Never heard of them. Is that the name of the company who makes them or a certain type or style of axle ??


----------



## rosenj87

i believe its the brand of axle. ATV Products |UTV parts |ATV parts


----------



## DangerRanger13

where would you even buy them at?


----------



## rosenj87

The company i purchased my lift from suggested them.


----------



## hursteric

What about these?? 2008 2009 2010 Kawasaki Brute Force 750i 4X4I Monster XP Rear CV Axle Pair Lift | eBay  has anyone ever used or head of these. Seems like a decent idea with the shaft being spring loaded. Im just curious of the longevity of the shaft.


----------



## J2!

No sir you don't wanna but anything from the cvman. Everyone I know that has bought something from him broke it on their first ride. Everything he sells is junk......


----------



## BigSac

Okay since were on the topic of axles; has anyone heard anything negative on Rhino axles from SuperAtv???


----------



## J2!

^^The Rhinos are decent axles for what they cost. Lots of info on this site about them. Just search Rhino axles and it will pull up lots of threads on them.


----------



## rosenj87

i just ordered two rhino for the front of my rzr.


----------



## hursteric

I also went with rhino. I will say once you get them check your boots before installing. I installed mine and noticed a small tear in the boot where the clamp is. I called super atv they had me ship it back to them and sent me a new one. It sucked because it was rite before Christmas and new years so it took a little wile to ship. But they were cool about the whole thing.
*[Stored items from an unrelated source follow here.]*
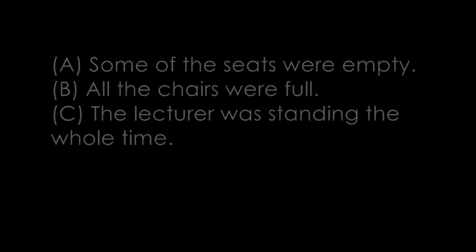Number 8. Why were you standing at the back of the room during the lecture? There were no empty seats. What does the man mean?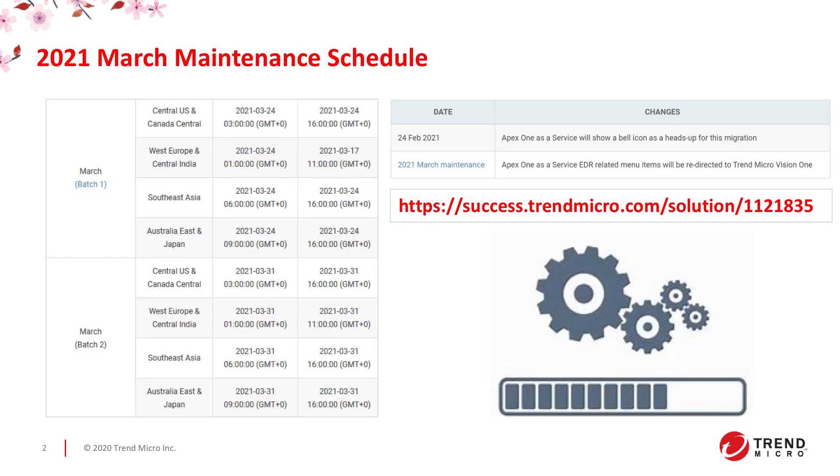The following enhancements are set to be rolled out on March 31st. To know more about our maintenance cycle, you may visit our knowledge base website at success.trendmicro.com.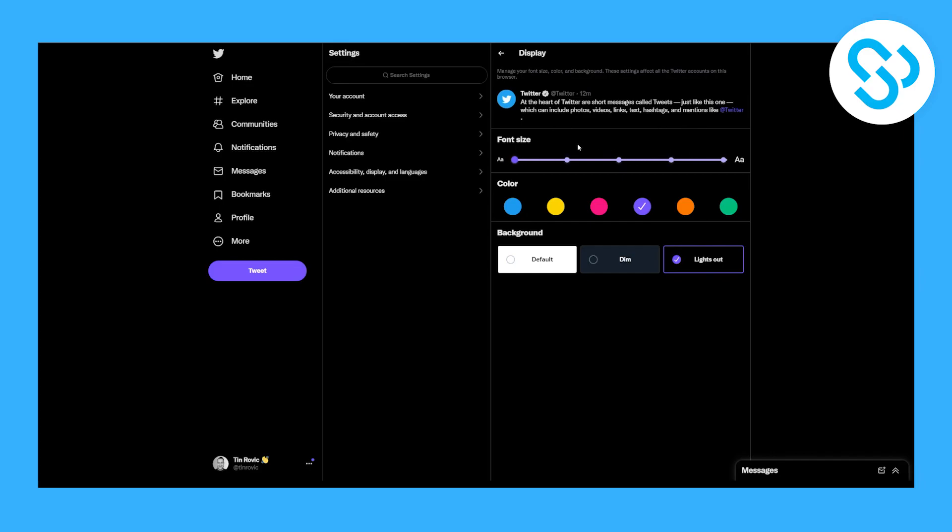So if this doesn't work on your mobile phone, then try this on your desktop because some people don't have this on their mobile phone yet. If you don't have it, just try it on desktop and you should be able to have it here and you can change it right here.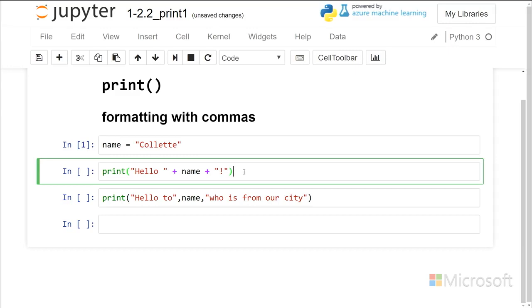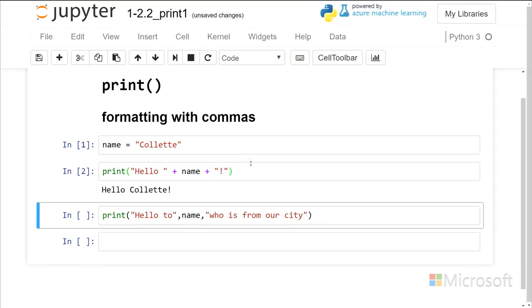And then I can go over here, and this is the familiar print statement we used before. We used a string, and then we just add in a variable that is a string, and then we add another string, and I can run that cell. And then I got my hello Collette.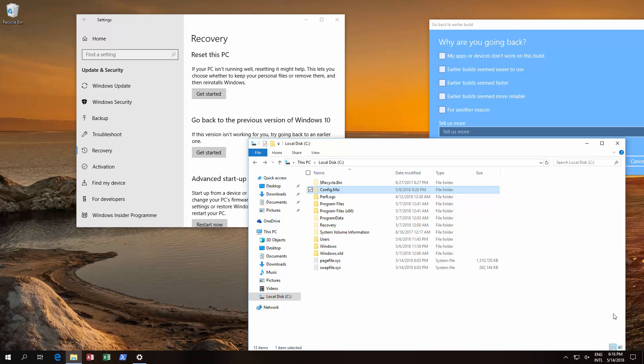This video is all about how to extend the time limit to go back to a previous version of Windows 10. Basically, it's about 10 days.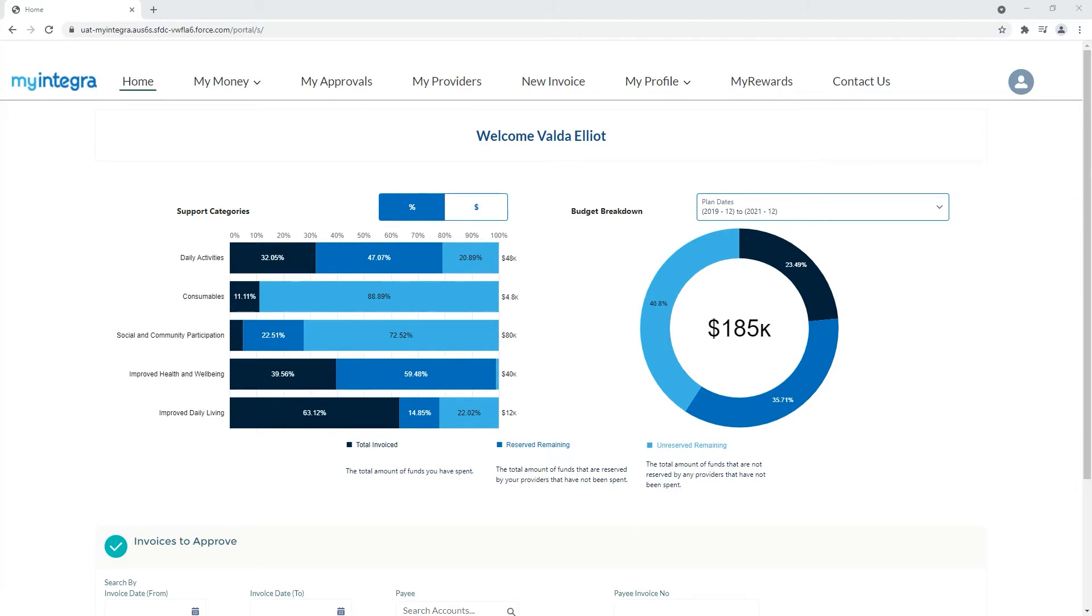The My Integra online portal allows participants and their nominees to update and edit their details as well as access important documents with just a few clicks.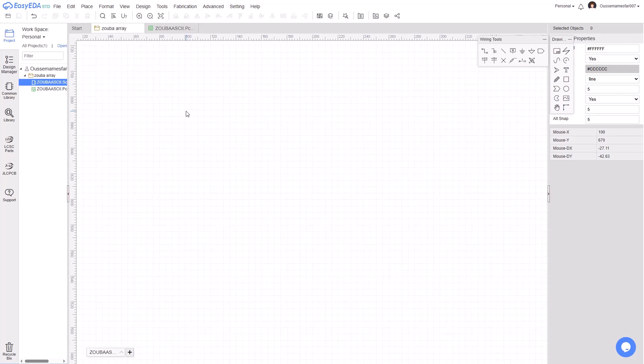Hello everybody, today we're going to see how to add a hole into your PCB using EasyEDA. First, open your EasyEDA account.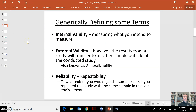Internal validity is certainly going to relate to limitations of a study. Are you measuring what you intend to measure? That is internal validity. External validity is synonymous with generalizability — how well will the results transfer from your study to outside of the study, from your accessible population and sample to that target population? Reliability is if you were to repeat that study with the same sample, would you get consistent results?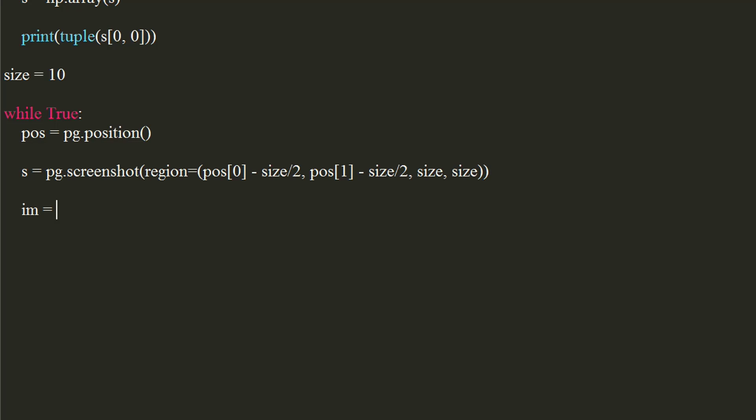Since OpenCV works with BGR system, we will convert the RGB screenshot into BGR using cv2's cvtColor function. Be sure to convert the screenshot into NumPy array. Pass the cv2.COLOR_RGB2BGR flag to it.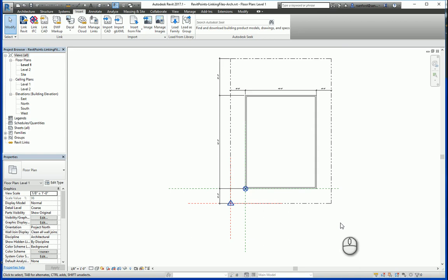In this video I will show you how to link another Revit file into your own file utilizing the origin to origin insertion method and then using the project base point to project base point insertion method.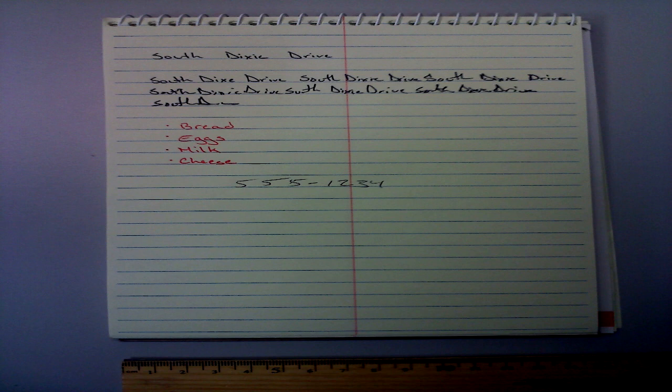When a subject inscribes on SCP-546 with any writing instrument, they begin to experience a cognitive breakdown. Any inscribed word or phrase will begin to interject itself into the subject's speech and writing. The frequency of the phrase will continue to rise over the course of time. After approximately 24 hours, the subject is unable to write and speak anything else other than the phrase they had written down.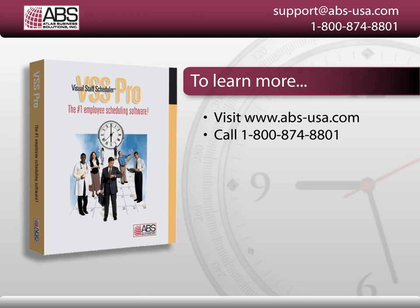I hope that was helpful. If you have any questions, you can give us a call at 1-800-874-8801. If you're using an older version of VSS Pro and would like to upgrade or if you have a trial version of VSS Pro and would like to order, you can place an order online at www.abs-usa.com or you can call our sales team at the 800 number.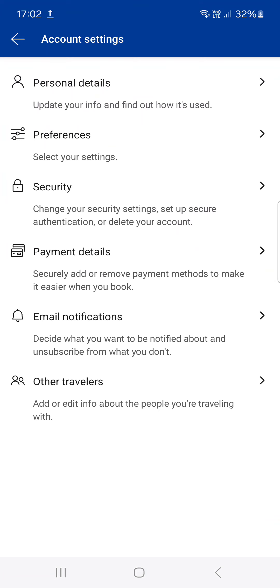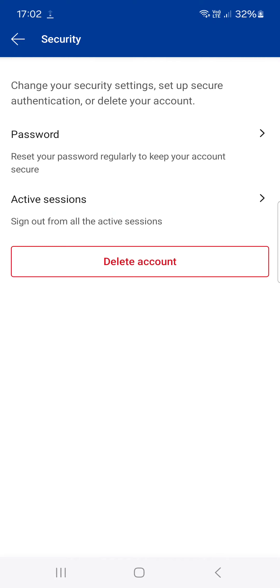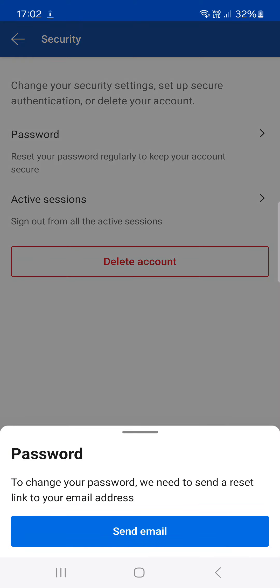And here at the top we find password. If you tap on this, then we can proceed by tapping on send email, and then the Booking app is going to send us an email through which we can change our password and update it.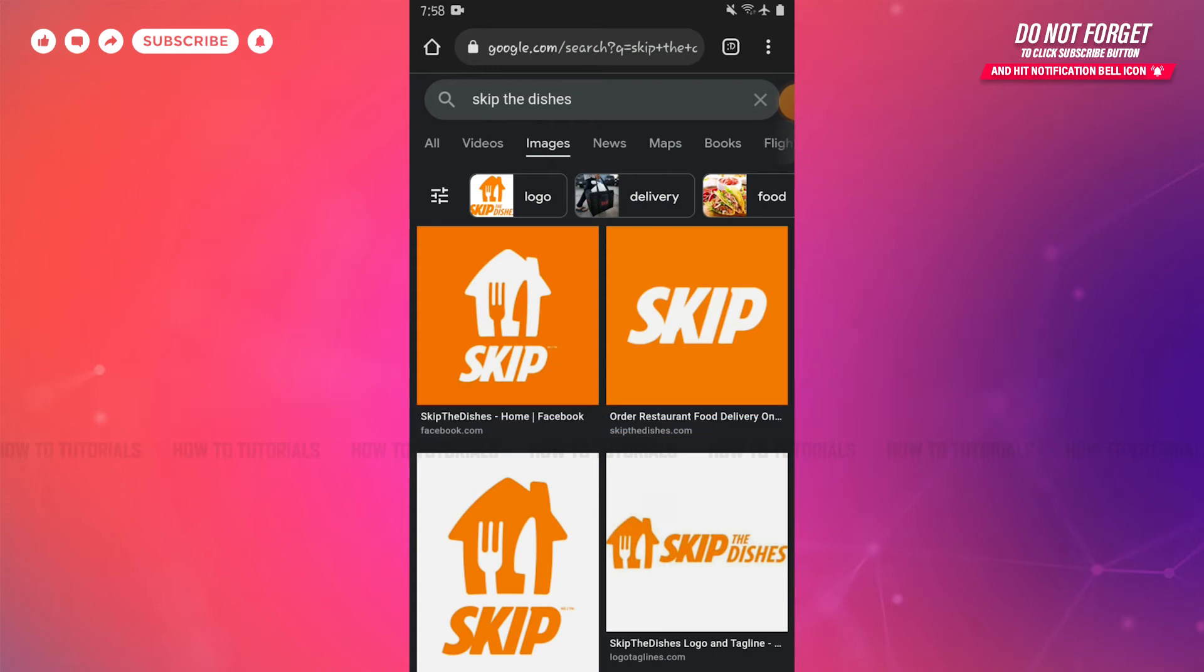Skip the Dishes is a Canadian online food delivery company where users can order and pay for food online from participating restaurants using an application on iOS or Android platforms or through a web browser.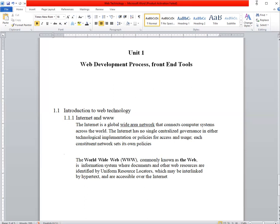In the next lecture we will see how can we design and develop and which language we use, and which servers and databases we use for our website to store those information. So let's end today's lecture. Today's lecture we saw internet things and WWW, World Wide Web. So let's end today's lecture.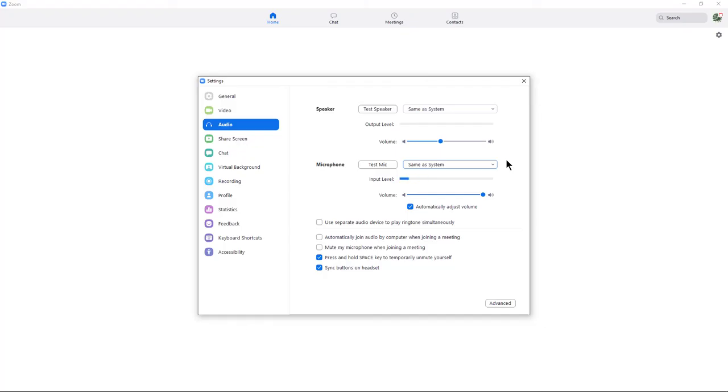So that's how you can test your audio and your video prior to your Zoom meeting starting.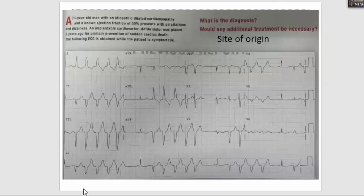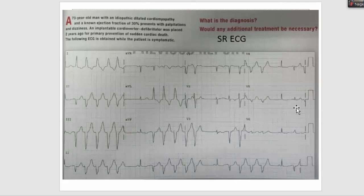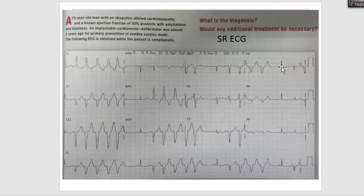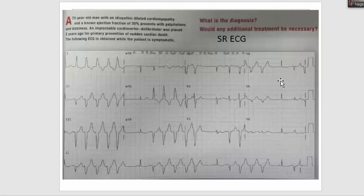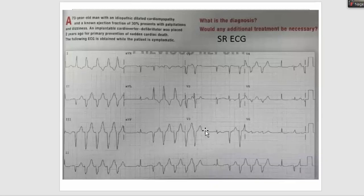We have identified the site of origin or exit of this VT. Looking at the sinus beats, there are low voltage complexes — never neglect this finding. Low voltage can occur in certain cardiac conditions, particularly amyloidosis. If it is TTR amyloid, there is now a good treatment available. If amyloid progresses to the end stage resembling restrictive cardiomyopathy, treatment options are limited, so early recognition is critical.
---------- Post added at 10:45 AM ---------- Previous post was at 10:44 AM ----------



J2! said:


> No sir you don't wanna but anything from the cvman. Everyone I know that has bought something from him broke it on their first ride. Everything he sells is junk......


Thanks for the info man!!


----------



## J2!

Yeah the rhinos are good axles but their boots are junk. Every time I install one now I just put new boots on it before I put it in. Gorillas are the same way.


----------